Word for word, repeat the records, leaving every picture behind.
+++ Data provided
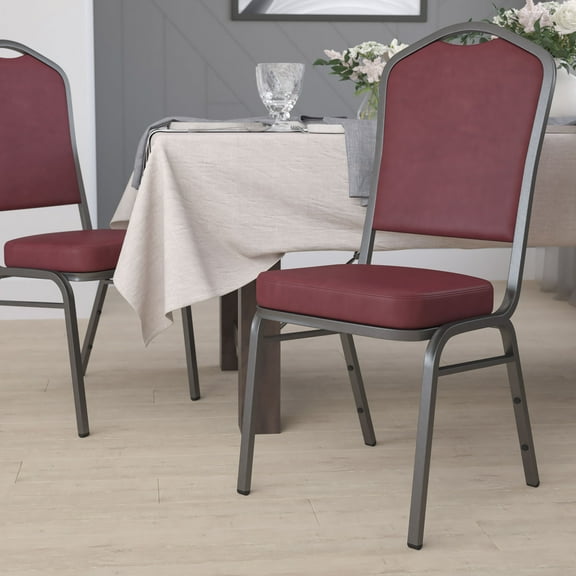 Emma Oliver Crown Back Banquet Chair, Burgundy Vinyl/Silver Vein Frame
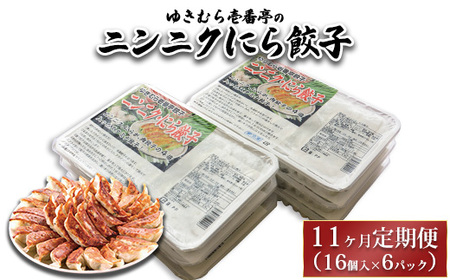 【11ヶ月定期便】ゆきむら壱番亭のニンニクにら餃子6パック(96個入り) ※離島への配送不可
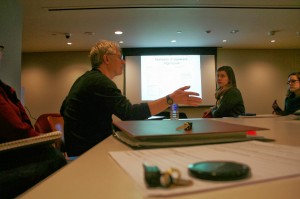 Rand Valentine, our guest in class this week, talking about Ojibwe language and language revitalization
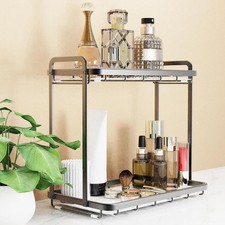 Counter Organizer - 2-Tier Aluminum  Marble Tray for Kitchen Bathroom Vanity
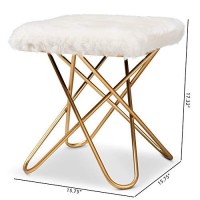 Baxton Studio Valle Glam And Luxe White Faux Fur Upholstered Gold Finished Metal Ottoman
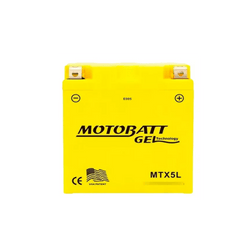 Yellow Motobatt Gel MTX5L motorcycle battery with top screw terminals and branding visible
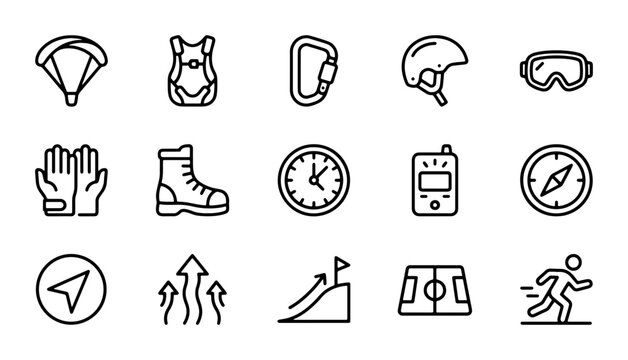 Outdoor Adventure Icons Set: Parachute, Backpack, Carabiner, Helmet, Goggles, Gloves, Boots, Compass, GPS
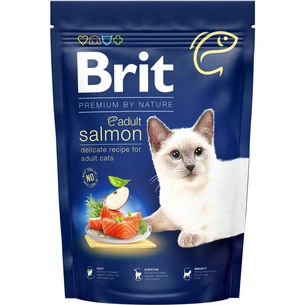 Сухий корм для кішок Brit Premium by Nature Cat Adult Salmon 1.5 кг (8595602553136) зображення 1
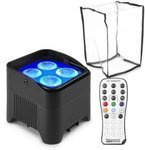 Oświetlacz Bateryjny LED Uplight BBP94W  Par 4x12W RGBWA-UV z bezprzewodowym DMX i osłoną przeciwdeszczową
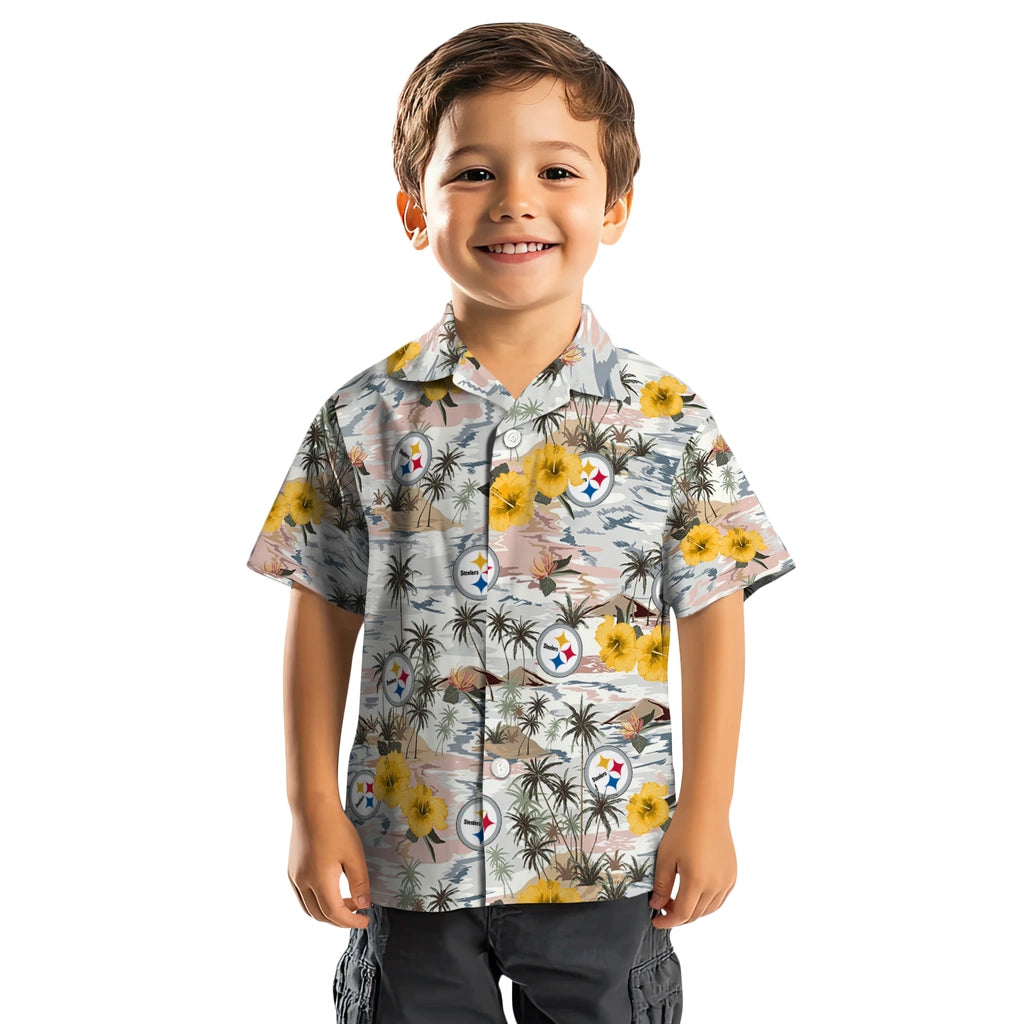 Pittsburgh Steelers Hawaiian Shirt - Hibiscus Seaside | Hula Hawaiian Shirts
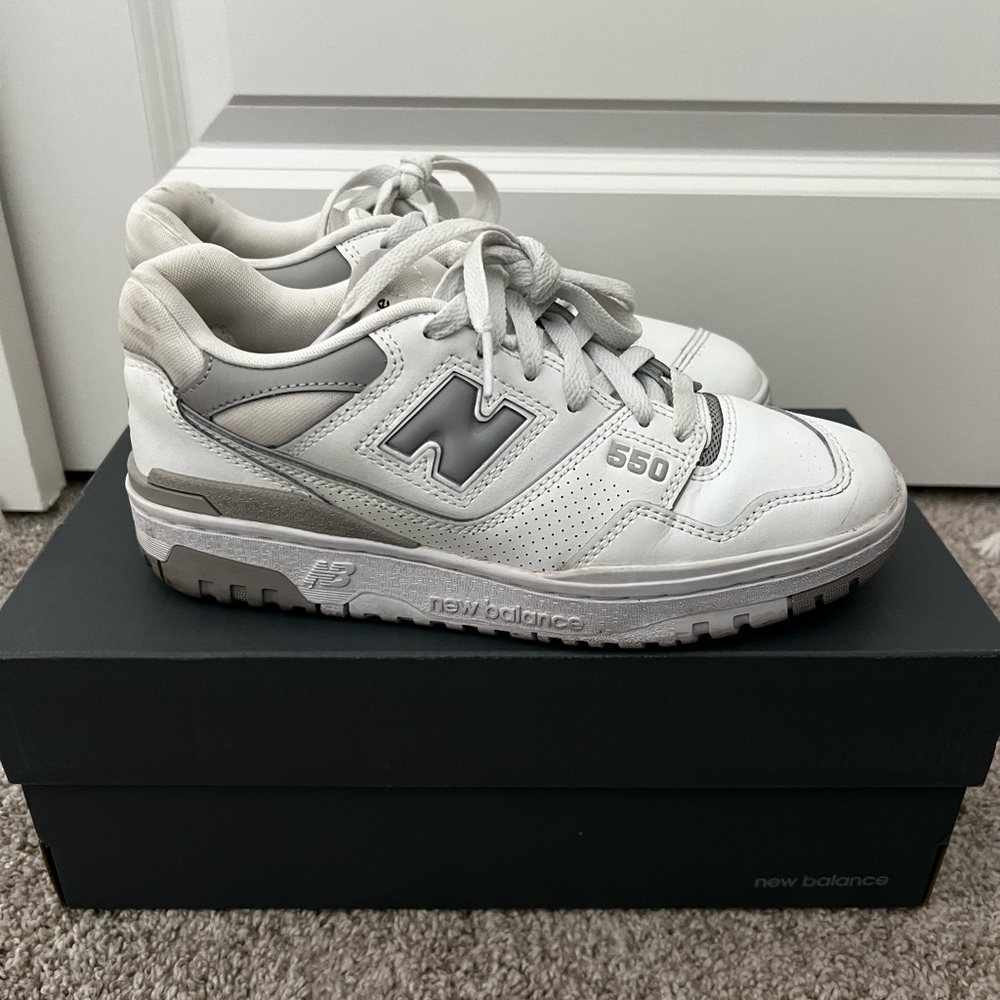 New Balance 550 White and Gray Leather Sneakers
++++++
**Solution below:**
 Emma Oliver Crown Back Banquet Chair, Burgundy Vinyl/Silver Vein Frame
 【11ヶ月定期便】ゆきむら壱番亭のニンニクにら餃子6パック(96個入り) ※離島への配送不可
 Rand Valentine, our guest in class this week, talking about Ojibwe language and language revitalization
 Counter Organizer - 2-Tier Aluminum  Marble Tray for Kitchen Bathroom Vanity
 Baxton Studio Valle Glam And Luxe White Faux Fur Upholstered Gold Finished Metal Ottoman
 Yellow Motobatt Gel MTX5L motorcycle battery with top screw terminals and branding visible
 Outdoor Adventure Icons Set: Parachute, Backpack, Carabiner, Helmet, Goggles, Gloves, Boots, Compass, GPS
 Сухий корм для кішок Brit Premium by Nature Cat Adult Salmon 1.5 кг (8595602553136) зображення 1
 Oświetlacz Bateryjny LED Uplight BBP94W  Par 4x12W RGBWA-UV z bezprzewodowym DMX i osłoną przeciwdeszczową
 Pittsburgh Steelers Hawaiian Shirt - Hibiscus Seaside | Hula Hawaiian Shirts
 New Balance 550 White and Gray Leather Sneakers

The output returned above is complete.